Task directions
For each entry, output its words exactly and leave any picture behind.

Collected data:
▬▬▬
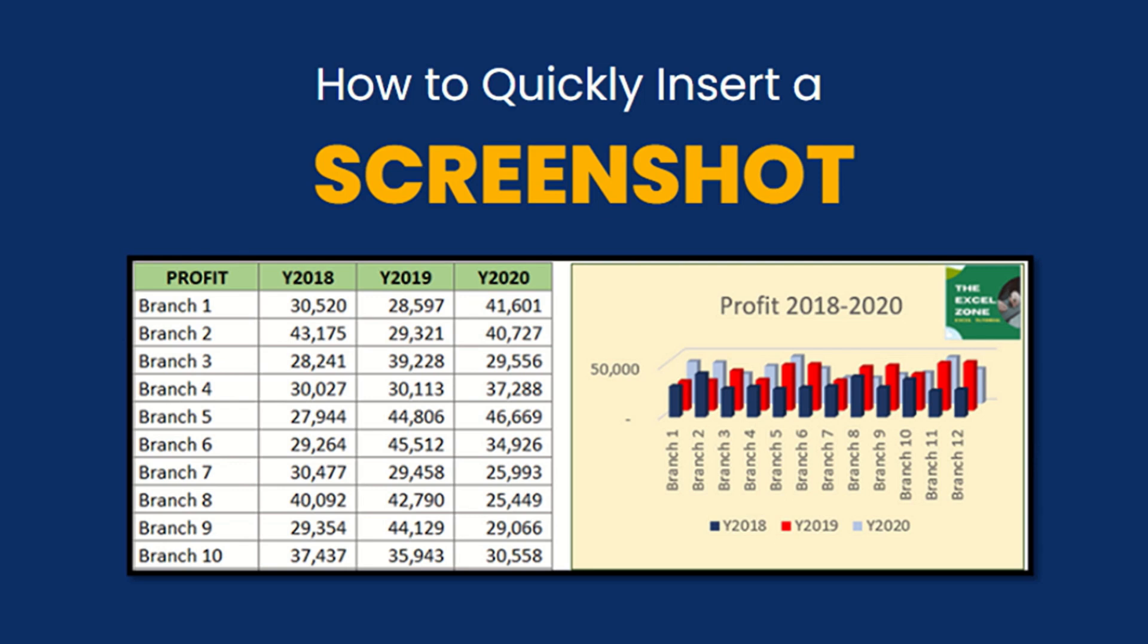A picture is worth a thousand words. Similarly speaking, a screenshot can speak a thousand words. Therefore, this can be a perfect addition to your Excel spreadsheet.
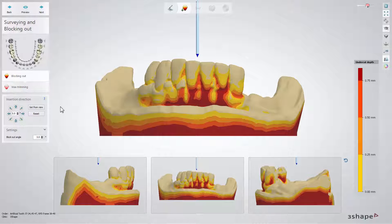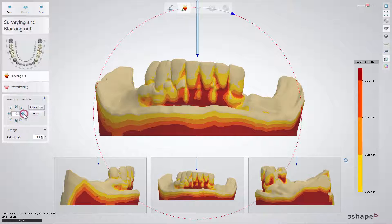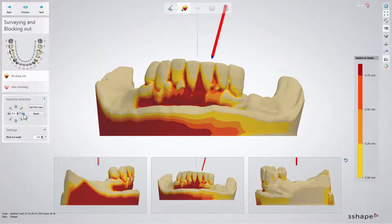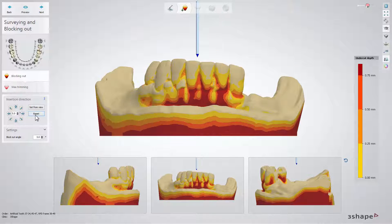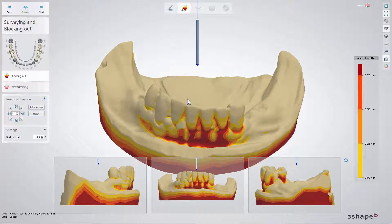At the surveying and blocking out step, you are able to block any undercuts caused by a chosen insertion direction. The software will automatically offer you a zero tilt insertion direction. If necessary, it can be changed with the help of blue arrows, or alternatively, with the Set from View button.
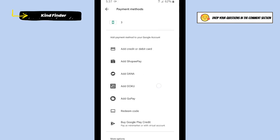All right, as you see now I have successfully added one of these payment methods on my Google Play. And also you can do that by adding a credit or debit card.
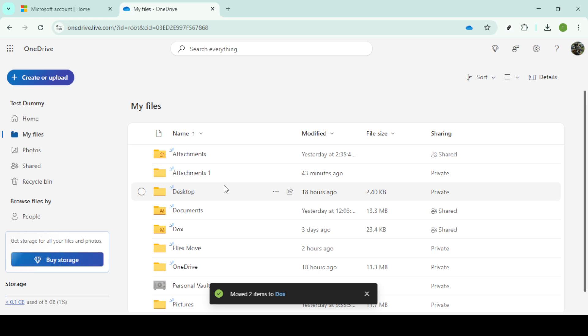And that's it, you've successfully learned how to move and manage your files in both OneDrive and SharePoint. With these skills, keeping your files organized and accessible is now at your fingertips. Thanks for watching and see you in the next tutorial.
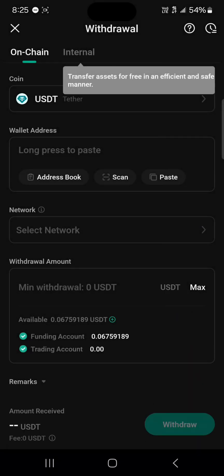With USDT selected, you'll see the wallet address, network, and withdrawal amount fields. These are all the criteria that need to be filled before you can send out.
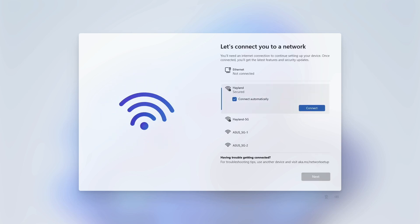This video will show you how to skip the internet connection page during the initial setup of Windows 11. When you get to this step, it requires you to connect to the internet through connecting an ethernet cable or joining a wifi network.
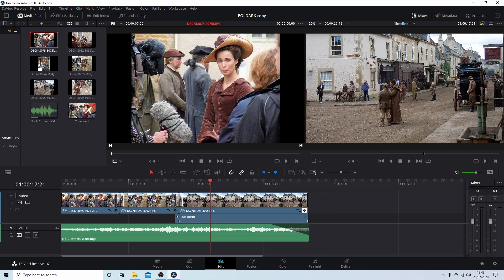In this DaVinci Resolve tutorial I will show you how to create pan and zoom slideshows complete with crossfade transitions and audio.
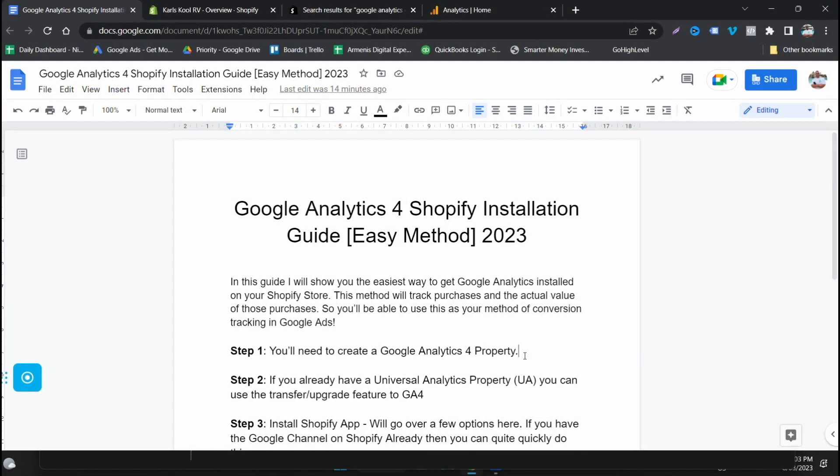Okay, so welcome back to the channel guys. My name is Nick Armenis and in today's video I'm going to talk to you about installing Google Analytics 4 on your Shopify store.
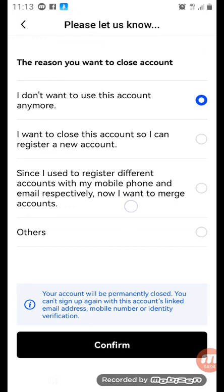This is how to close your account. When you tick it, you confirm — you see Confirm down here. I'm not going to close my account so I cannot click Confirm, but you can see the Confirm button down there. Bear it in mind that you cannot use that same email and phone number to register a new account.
▬▬▬
Exercise response
A picture is worth a thousand words. Similarly speaking, a screenshot can speak a thousand words. Therefore, this can be a perfect addition to your Excel spreadsheet.
At the surveying and blocking out step, you are able to block any undercuts caused by a chosen insertion direction. The software will automatically offer you a zero tilt insertion direction. If necessary, it can be changed with the help of blue arrows, or alternatively, with the Set from View button.
All right, as you see now I have successfully added one of these payment methods on my Google Play. And also you can do that by adding a credit or debit card.
And that's it, you've successfully learned how to move and manage your files in both OneDrive and SharePoint. With these skills, keeping your files organized and accessible is now at your fingertips. Thanks for watching and see you in the next tutorial.
With USDT selected, you'll see the wallet address, network, and withdrawal amount fields. These are all the criteria that need to be filled before you can send out.
This video will show you how to skip the internet connection page during the initial setup of Windows 11. When you get to this step, it requires you to connect to the internet through connecting an ethernet cable or joining a wifi network.
In this DaVinci Resolve tutorial I will show you how to create pan and zoom slideshows complete with crossfade transitions and audio.
Okay, so welcome back to the channel guys. My name is Nick Armenis and in today's video I'm going to talk to you about installing Google Analytics 4 on your Shopify store.
This is how to close your account. When you tick it, you confirm — you see Confirm down here. I'm not going to close my account so I cannot click Confirm, but you can see the Confirm button down there. Bear it in mind that you cannot use that same email and phone number to register a new account.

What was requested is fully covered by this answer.